My Top Travel Tip When in Italian Churches – Look Up
The glorious interiors of major Italian churches are well known, but don’t overlook the modest little village churches – they have surprises of their own, so make sure to look up!
When we are in a new place for the first time – whether it is a new country or a city – we generally find ourselves just focusing on the distinct and noticeable points of interest around us. However, there are always local treasures to discover and some of them can be easy to overlook.
I come from a thoroughly Irish Catholic background, so have spent more than my fair share of time in churches. I’m very lapsed these days so my visits have been few and far between but, when in Italy, I duck in and out of them as frequently as my time will allow.
With a devout Catholic culture in Italy, there is no shortage of Italian churches – from the small local churches in villages, to the massive edifices in the cities. When the traveller enters one of the big cathedrals it is with an expectation of lavish, overt, physical displays of devotion – and, with their precious fittings and noted artworks commissioned by long-dead bishops, they seldom disappoint. However, I discovered that a great many of the smaller, nondescript parish churches warrant a visit too.
These modest houses of worship may not have had the benefit of the largesse of wealthy patrons, but the locals still had a trick or two up their sleeves. I’ve been utterly gobsmacked by some of the ornate decorations, often on the ceilings, of these little Italian churches, so have made a point of sticking my head in the door and looking up.

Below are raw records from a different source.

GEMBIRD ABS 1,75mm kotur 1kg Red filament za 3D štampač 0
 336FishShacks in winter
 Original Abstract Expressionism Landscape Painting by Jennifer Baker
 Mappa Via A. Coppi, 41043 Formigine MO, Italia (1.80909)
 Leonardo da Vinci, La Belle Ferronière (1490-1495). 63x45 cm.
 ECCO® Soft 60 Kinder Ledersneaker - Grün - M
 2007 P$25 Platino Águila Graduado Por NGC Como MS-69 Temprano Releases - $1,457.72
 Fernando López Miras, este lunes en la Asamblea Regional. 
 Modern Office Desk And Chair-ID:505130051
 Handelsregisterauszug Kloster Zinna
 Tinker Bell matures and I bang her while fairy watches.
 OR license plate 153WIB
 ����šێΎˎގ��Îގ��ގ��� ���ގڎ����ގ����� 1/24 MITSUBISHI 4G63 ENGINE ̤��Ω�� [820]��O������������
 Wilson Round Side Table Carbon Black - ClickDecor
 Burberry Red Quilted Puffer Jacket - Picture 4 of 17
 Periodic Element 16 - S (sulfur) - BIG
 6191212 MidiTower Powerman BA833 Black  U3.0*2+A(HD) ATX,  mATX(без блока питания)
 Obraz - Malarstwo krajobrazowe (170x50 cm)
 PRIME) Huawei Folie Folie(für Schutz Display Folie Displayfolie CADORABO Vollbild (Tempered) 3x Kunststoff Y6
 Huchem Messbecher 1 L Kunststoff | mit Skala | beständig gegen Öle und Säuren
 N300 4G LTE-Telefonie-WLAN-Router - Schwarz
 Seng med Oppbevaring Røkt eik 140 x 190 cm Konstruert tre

These images were all taken on my smart phone (I generally feel uncomfortable snapping with my big camera around any place of worship) and posted on my Instagram account. The lighting is often a bit dodgy in churches, so I usually edit the shots using free apps also on my phone. I’m no photographer, but am very pleased with these photos – they are a testament, not only to Italian devotion, but also to the cleverness of modern technology.
I suspect the nuns who taught me at school would also be pleased about them – at least they’ve got me back into church.